For the first 16 years of my life, I spent almost all of my time with one type of person: really mean girls.
From my own dear mother to my classmates at school, I found myself being thrown headfirst to the she-wolves at every turn. I was first indoctrinated in to the culture of cruelty at a young age, encountering my first tormenter at the tender age of 2. After being locked in a box by two larger girls, who sat on top, chanting, "You'll never see your parents again," I realized that there were two types of people in the world: the box-sitters and their captives, and that I was, undeniably, a member of latter.
In my strict, all-girls school, the problem continued. In first grade, I was informed I would never be able to perform "I Will Always Love You" like Whitney Houston by a girl who would, many years later, after spending months trying to sleep with my boyfriend, call me a "fat cunt" when I refused to let her come to my mother's apartment on a Wednesday evening to vomit up her Bacardi Breezers.
In second grade, Emily M., a very tall, angry child, would delight daily in pulling me by my ankles off the monkey bars. In third grade, my music teacher called me a "horrible turd," and in fifth, my history teacher told my class we were going to hell for discussing our essay tests with another class.
At home, I would often hear my mother, a magazine editor, vividly characterize her female colleagues with descriptions like, "She has the worst skin I've ever seen on someone who wasn't going through puberty," or, "a body like an apple on toothpicks."
While I wish I could say that I completely eschewed any such behavior, I, too, was guilty of girl-on-girl hate speak for a brief period of my life when I was working out compulsively, watching "Sex and the City" like it was my job, and wearing a handkerchief as a shirt. Needless to say, I had problems, but, much like the scarves I had taken to tying around my then-breastless chest, I grew out of them.
It wasn't until college that I realized I had a choice in whom I could be friends with and who I could deliberately avoid. The girl in my hall who dresses like a fairy on ecstasy and always wants to go on nature walks? Sure, she seems nice enough. The guy who tells me, apropos of nothing, that my dark eyeliner must mean I'm a "nasty girl" and mentions that my short body might prove a snug fit for his Brobdingnagian wang? Not so much.
I could finally say goodbye to women who tried to sit on my boyfriends' laps at parties and men who talked about their sexual conquests' "thunder thighs." But without the social hierarchy, I suddenly felt lost.
For many people with self-esteem problems, there is comfort in the status quo. Knowing whether you're the oppressor or the oppressed has some ass-backward security in it, and once I had banished all the assholes from my life, I realized it was something I strangely craved. So, like the self-hating genius I am, I found another way to get my fix.
Rather than exposing myself to bullies by walking past middle schools in booty shorts or asking celebrities to date me through Internet videos, I turned to one of the few things that never lets me down: TV.

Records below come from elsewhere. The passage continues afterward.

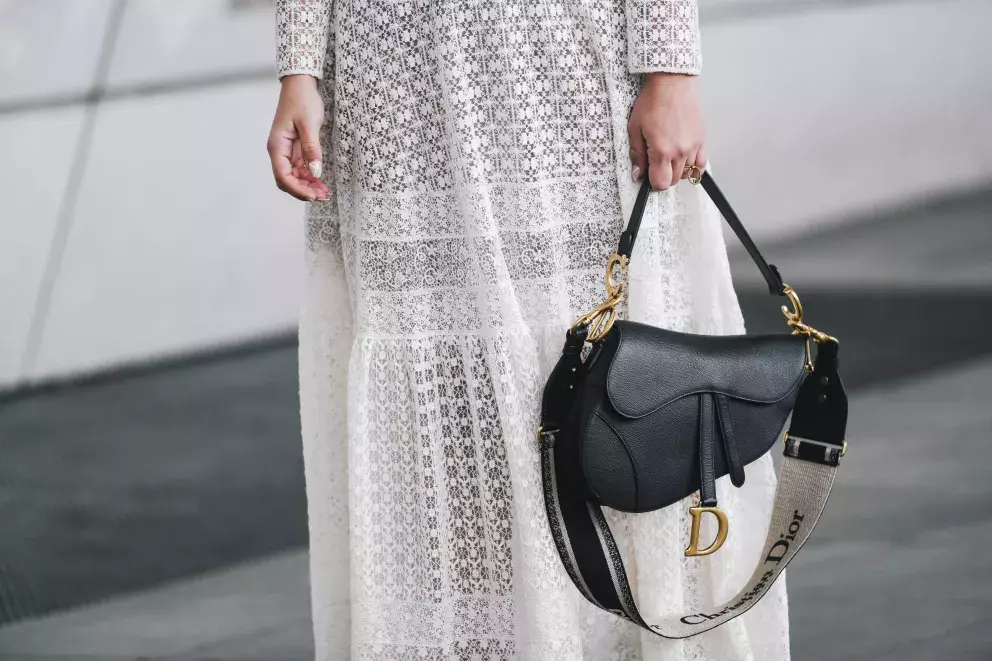 Jemná krajkovaná sukně s koženou kabelkou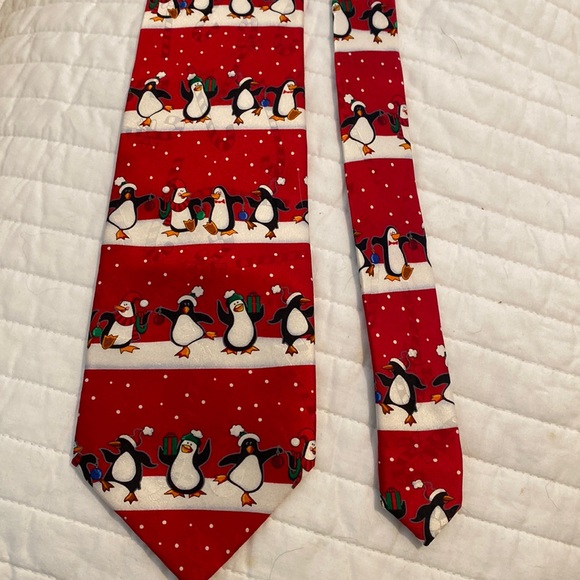 CHRISTMAS SILK TIE PENGUINS DANCING CHRISTMAS GREETINGS by MMG HALLMARK - Picture 2 of 6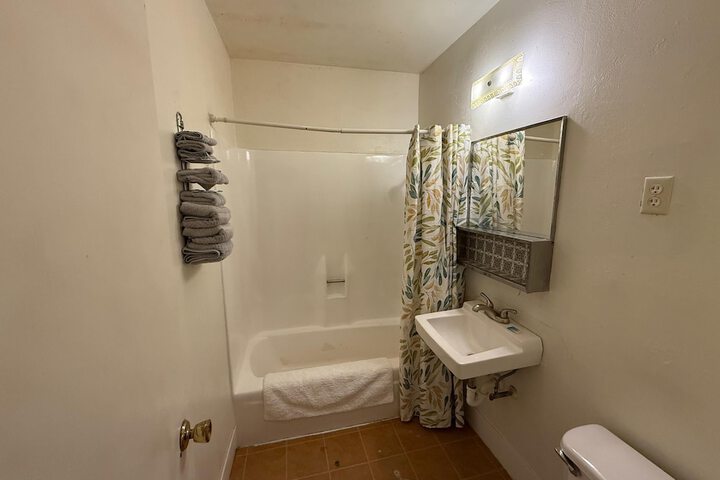 Room 26 of 37
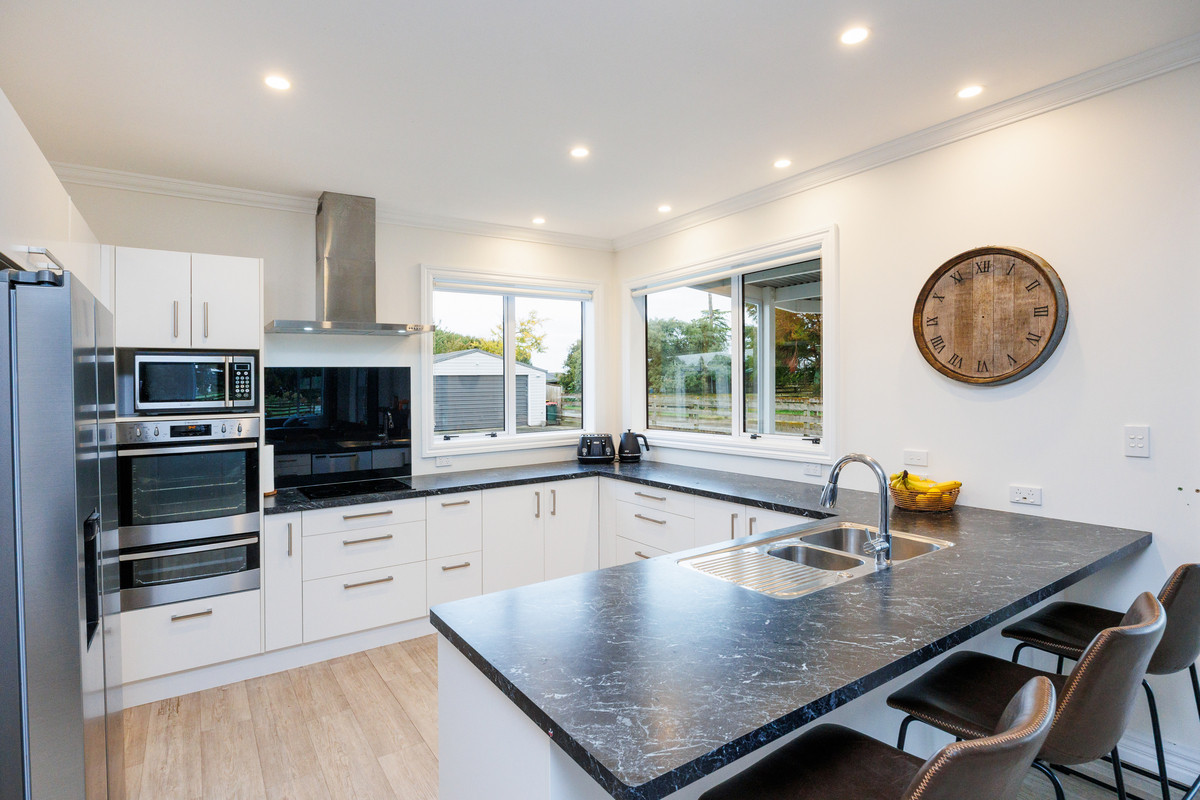 Superb Home With Superb Sheds!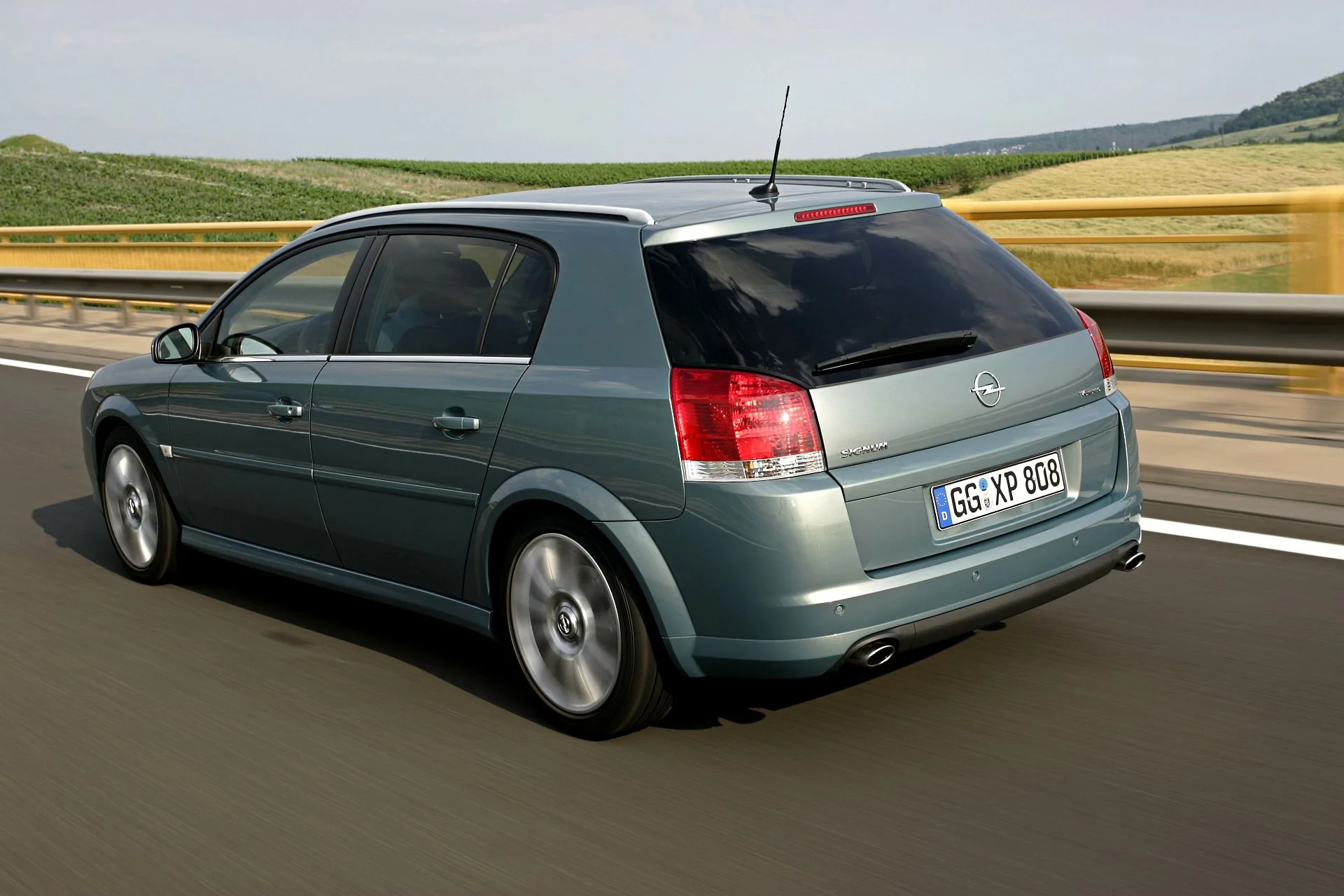 Opel Signum
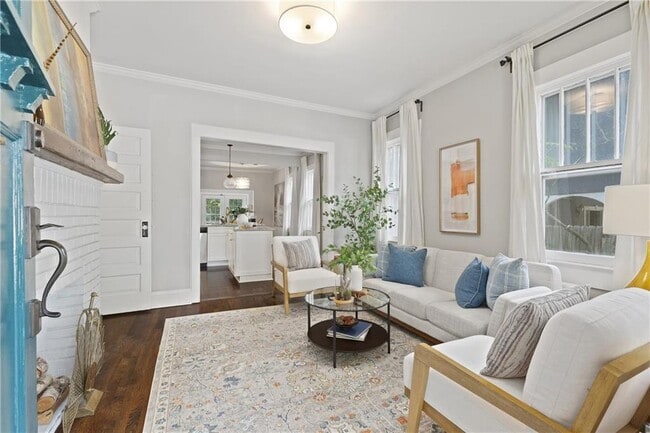 Photo - 481 Hill St SE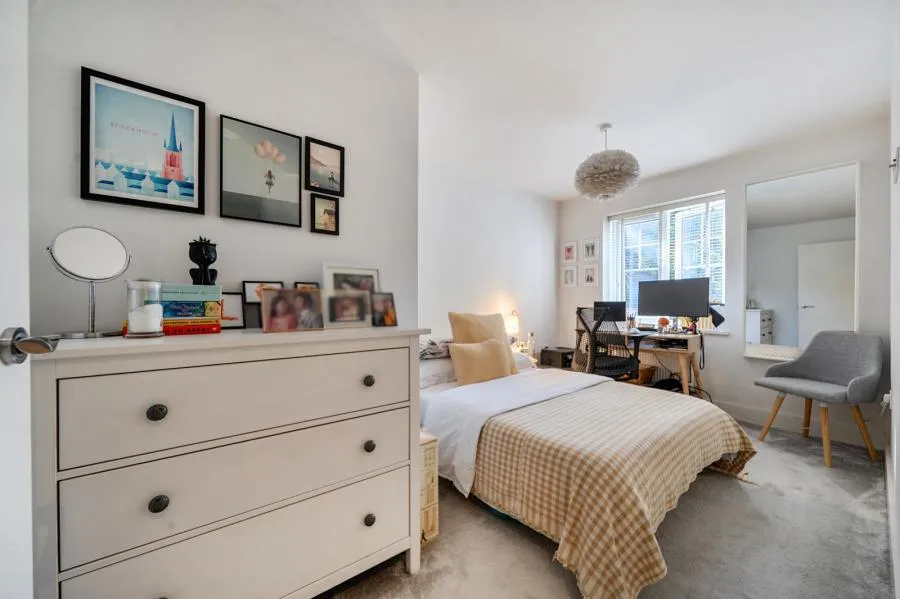 West Wycombe Road, High Wycombe, HP12, photo 8
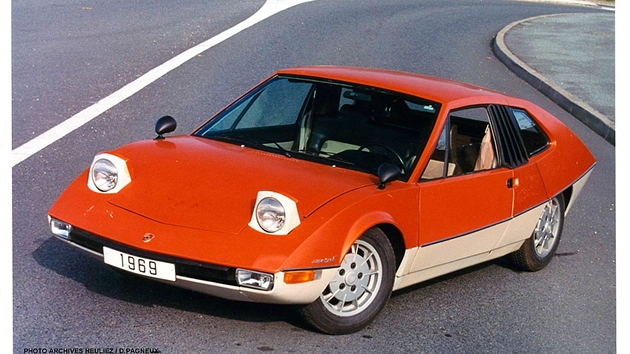 Funkn prototyp Porsche Murene zmnil v lt majitele za 42 889 eur. Odhad znl na padest a sto tisc eur.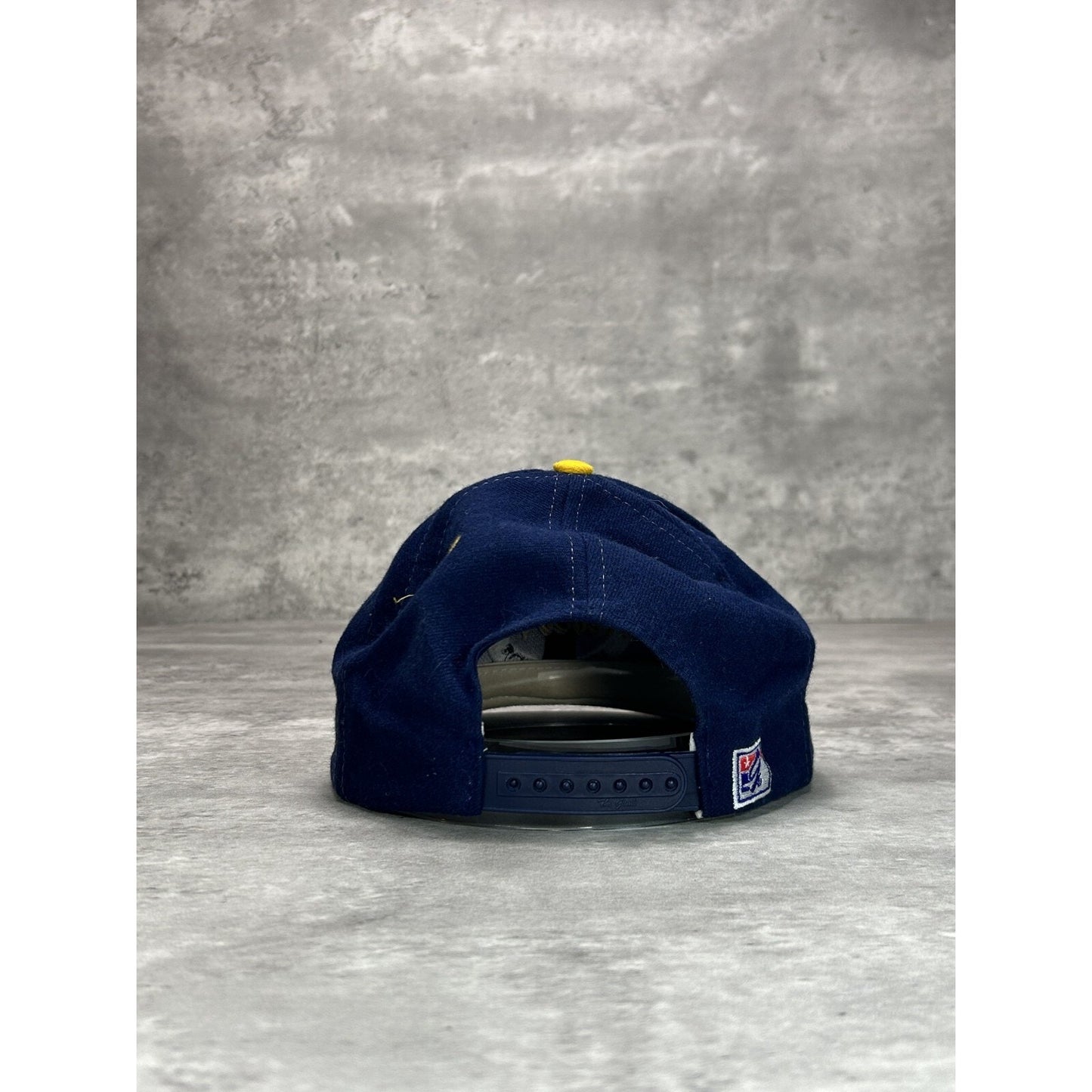VTG 90s West Virginia Mountaineers NCAA Collegiate Spellout Snapback Hat OSFA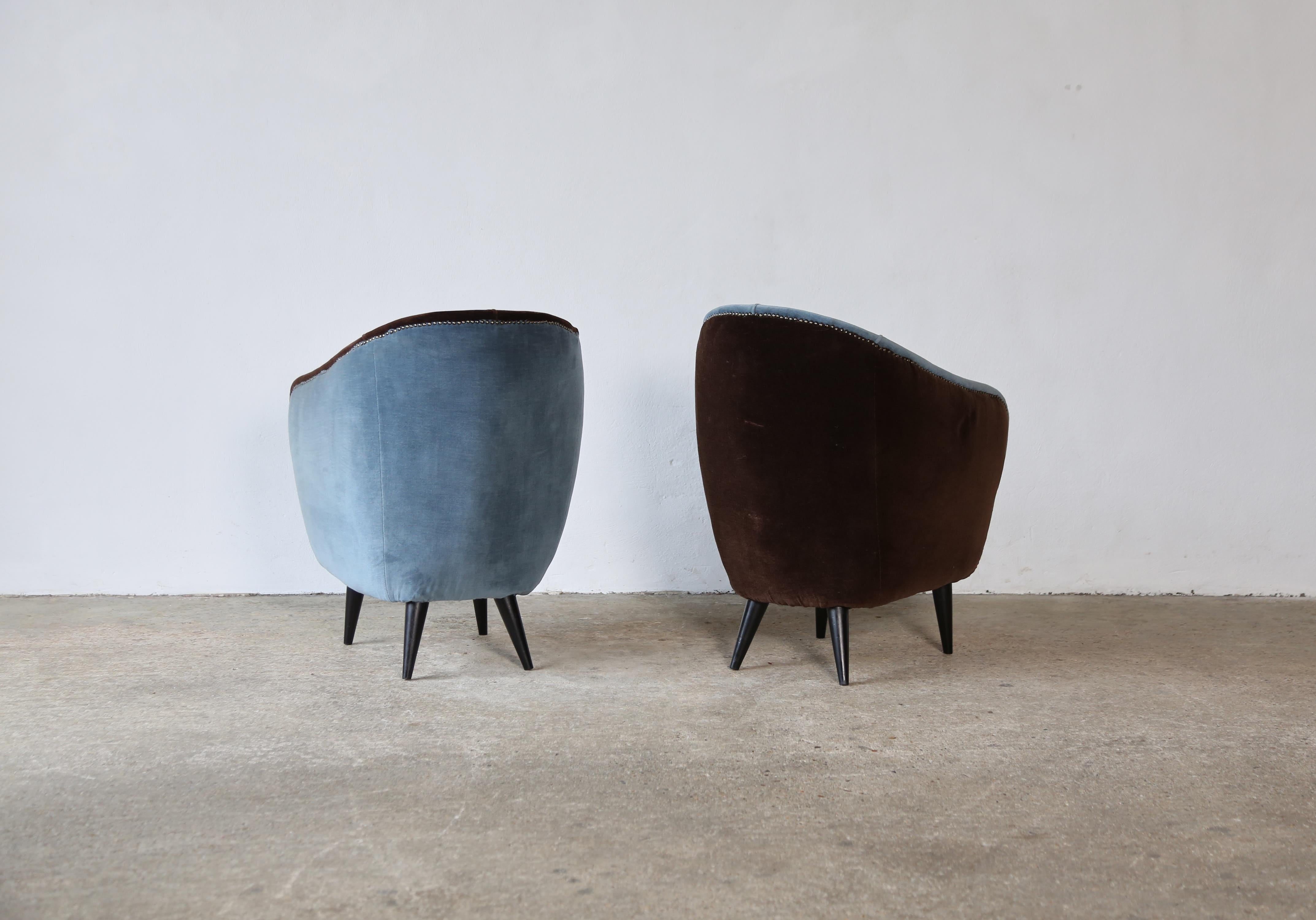 Mid-Century Modern Pair of Gio Ponti Style Chairs, Italy, 1960s For Sale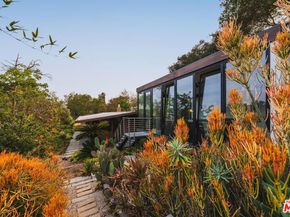 2718 Claray Drive, Los Angeles CA 90077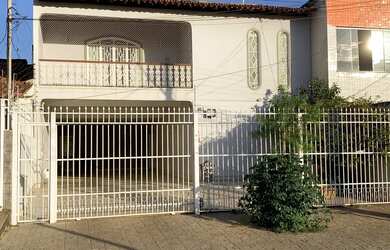 Imagem: A casa possui 5 Dormitórios, 4 Banheiros, 5 Vagas na garagem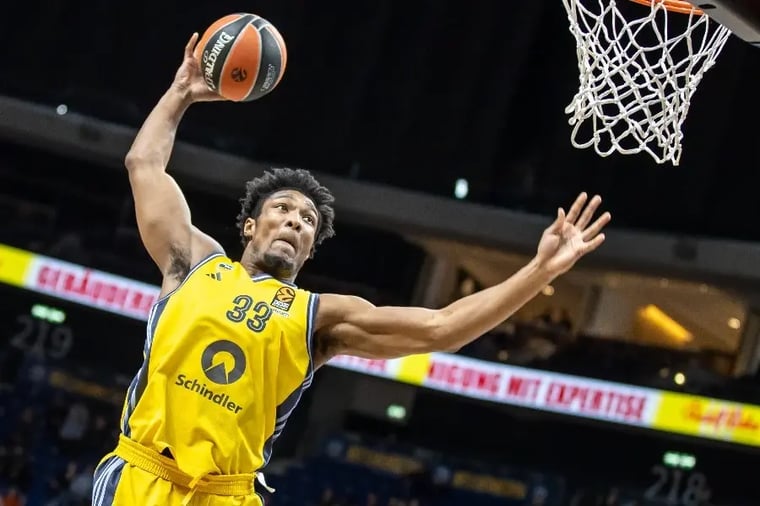 basketball-player-dunking-action-shot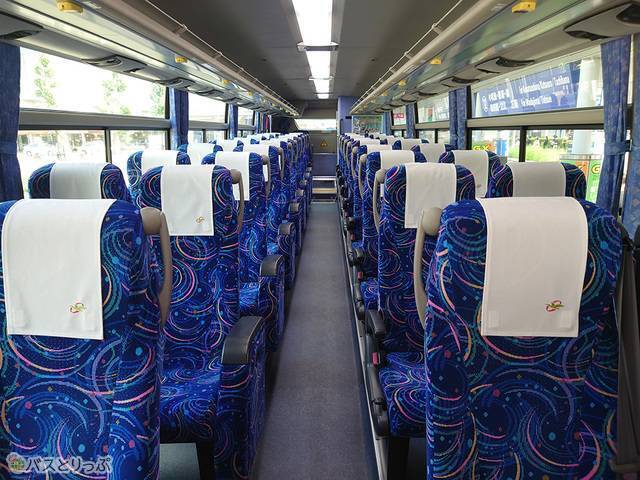 シート配置は横に4列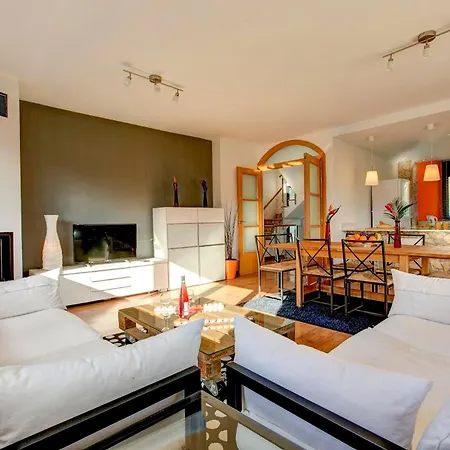 Casa Malta Vila
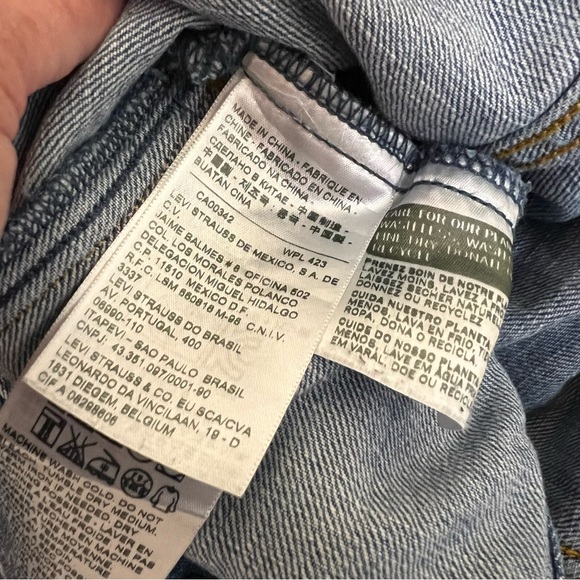 Levi's Blue Jean Jacket - Picture 4 of 10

While my life was suddenly lacking the strong, cruel women I had come to hate and admire, my television set overflowed with them. From the countless drink-throwing, weave-pulling incarnations of the Real Housewives to the brides crying over salmon mousse and armpit fat on "Bridezillas," I finally found a way to stay close to the bitches I loved while maintaining a safe distance.
I don't know why I can't escape the warm light of a raging cunt's glare. Something inside me likes rules -- on the road, in bed, when it comes to who gets the last pair of Spanx on Gilt Groupe -- and I'm not ashamed to say that there's something about the indentured servitude I once blindly accepted at the feet of Juicy-clad Upper East Siders that I still want, to some degree.
These days, with my self-esteem slightly less trod on than a decade ago, I want to see the mean girls fail. I want Skinnygirl cocktails gunking up their extensions. I want their former sorority sisters to puke at their handbag launches. I want them to brunch all day in their sundresses in counties named after fruit salad components and keep high school alive ... far, far away from here.